ABSTRACT

Archaeology is, as every student has learned, ‘the study of the human past through the material traces of it that have survived’ (Bahn 2000: 2). In this chapter I draw a contrast between this definition and another: archaeology is an engagement with ‘old’ things (ta archaia) and their connections with an aim to understand the past and its relevance to life. My aim in so doing is to tease out some differences between these two definitions in terms of how we situate both the past and things. With the former definition, the past, as an image of what was, is often regarded as starting point for archaeological endeavour. With the latter, the past is an achievement realized through kinetic engagements with ‘old’ things (and new) and the memories that they hold. With the former, things, be they rock-cut voids, stone walls or last week’s rubbish, are treated as intermediaries, that is, they are important insofar as they provide a means to reach something else; to reach the past-that-was. With the latter, one begins with ‘old’ things, in their midst (in medias res), and the past-that-was is situated as an outcome of a long series of transformations.

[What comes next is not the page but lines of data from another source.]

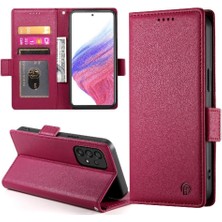 YH Mall Samsung Galaxy Için Flip Case A53 5g Cüzdan Flip Günlük Kullanım Kartvizit (Yurt Dışından)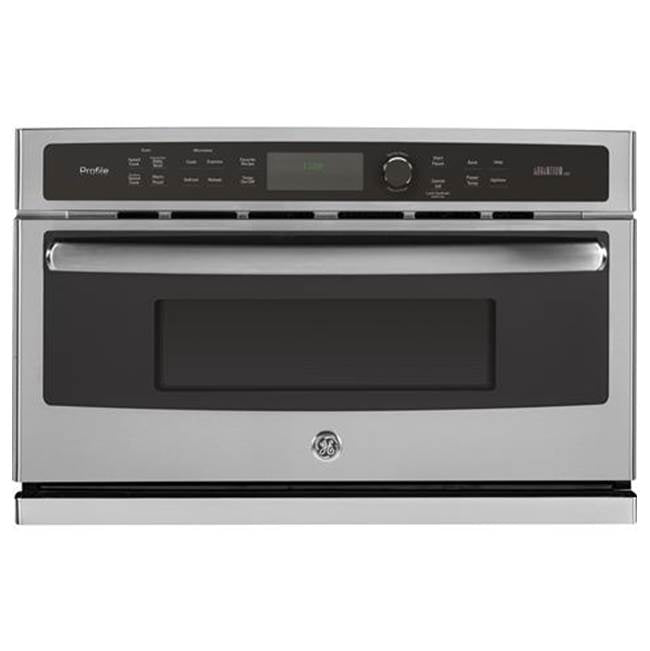 GE Profile Series - GE Profile 30 in. Single Wall Oven with Advantium Technology - Stainless Steel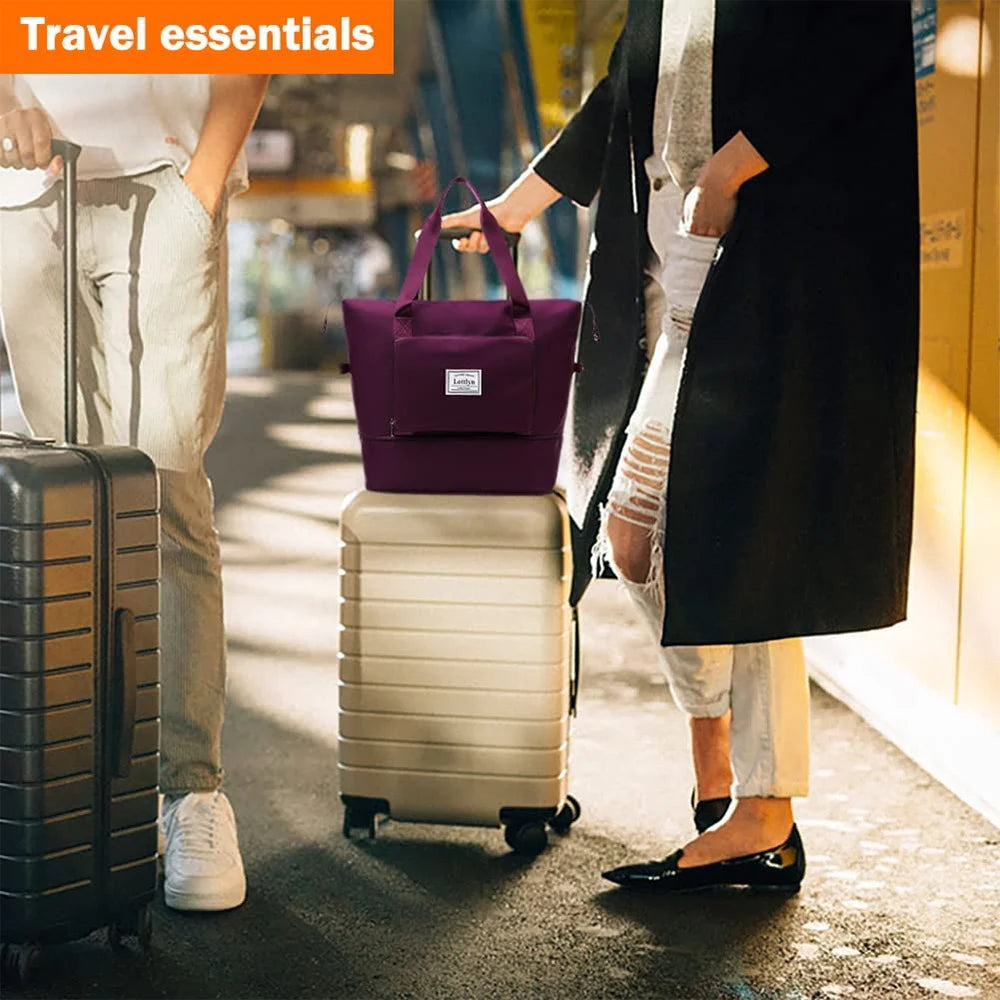 Waterproof Travel Bags Large Capacity Duffle Gym Tote Men Women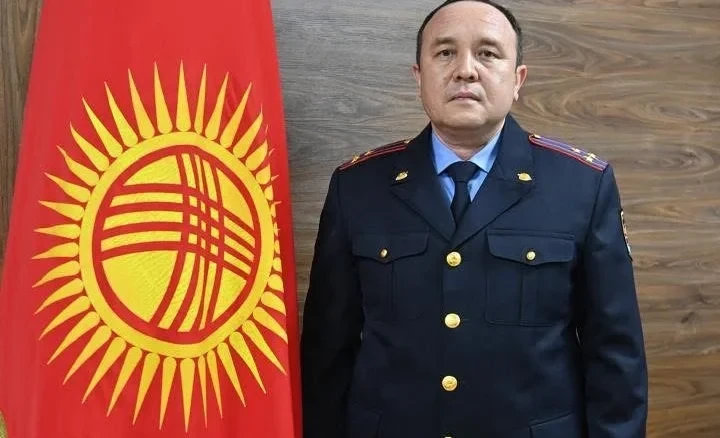 Мирлан Рыскельдиев назначен начальником Службы внутренних расследований МВД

Indeed, regarding the past as starting point for archaeological endeavour in what we say we do has often led to a situation where it is either assumed to exist apart from the conditions of its own production, or it is taken, erroneously, to be largely encapsulated by these conditions. However, to recognize how the past is co-extensive with the practices that produce it is not to reduce the past to those practices, for things as ta archaia – remnants, vestiges, ruins, residues, etc. – play a role in this production (Olsen et al. 2012).